Extensive necrotic ulcer on the neck (A) right and anterior view (B) left view (C) CT scan showing thickening and densification of the myoadipose cervical planes and fascial enhancement (arrows).

Figure 2.

(A) Biopsy showing an intense inflammatory infiltrate in the fascia (Hematoxylin & eosin, ×20). (B) Epidermis with coagulative necrosis (Hematoxylin & eosin, ×20). (C) In the fascia, intense neutrophilic infiltrate, necrosis (Hematoxylin & eosin, ×20), and (D) thickening of vessels (Hematoxylin & eosin, ×20).

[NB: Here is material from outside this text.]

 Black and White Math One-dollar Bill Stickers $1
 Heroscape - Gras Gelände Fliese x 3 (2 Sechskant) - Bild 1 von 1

Based on the antibiogram results, adjustments to the antibiotic regimen were made with the incorporation of levofloxacin, and debridement was performed. Following clinical improvement, grafting was realized. The patient progressed without complications, eventually being discharged from the hospital without any lasting sequelae (Fig. 3).

Figure 3.

Patient after treatment.

The initial clinical presentation of NF is nonspecific, and the disease can be misdiagnosed as cellulitis, erysipelas, or abscess formation.1,2 NF often initiates as a red, hot, and painful wound. As the disease advances, intense local pain transitions to numbness or analgesia.1 Progression of the pathological process involves necrosis of the subcutaneous and fascia, leading to arterial thrombosis, wet gangrene, and ultimately ischemic necrosis of the skin.1,3 Inflammatory factors lead to fever, tachycardia, and eventually, septic shock.1,2

In the pediatric population, NF exhibits distinctive features compared to adults. Although necrotizing fasciitis is often fatal in adults, its fatality rate seems to be lower in children.4 Unlike adult patients, where it is common in immunosuppressed and diabetic patients, children commonly affected are those previously healthy ones.5 Initiating features include minor and major trauma, surgical wounds, and varicella lesions.2 Also, unlike in adults, NF is usually a monomicrobial infection in children, most commonly owing to Streptococcus pyogenes, and is rarely polymicrobial.4

Stenotrophomonas maltophilia is a gram-negative aerobic bacillus that causes multi-drug-resistant opportunistic infections in hospitalized patients.6 These infections usually have high morbidity and mortality rates. The organism can form biofilms on various surfaces. Although the respiratory system is most commonly affected, S. maltophilia has also been reported to cause skin, soft tissue, and biliary tract infections, endophthalmitis, and meningitis.6 Risk factors include broad-spectrum antimicrobial therapy, prolonged stay in the intensive care unit, prolonged mechanical ventilation, immunosuppression, and the use of intravascular devices.6

The lack of distinctive lesions in the early stages of necrotizing fasciitis presents a significant diagnostic challenge, resulting in treatment delays. In our case, the delayed diagnosis led to septic shock and extensive tissue necrosis, indicative of advanced disease. When NF is suspected, it is imperative to obtain a contrast imaging exam (computed tomography or preferably magnetic resonance) to assess inflammatory changes, edema, fluid collection or abscesses, fascial enhancement, and gas formation.1,2

Early and extensive surgical debridement is the mainstay of treatment. Immediate reconstruction is not recommended and should be delayed until the infection has been contained.1–6 Cultures obtained from the tissue can guide long-term antibiotic therapy.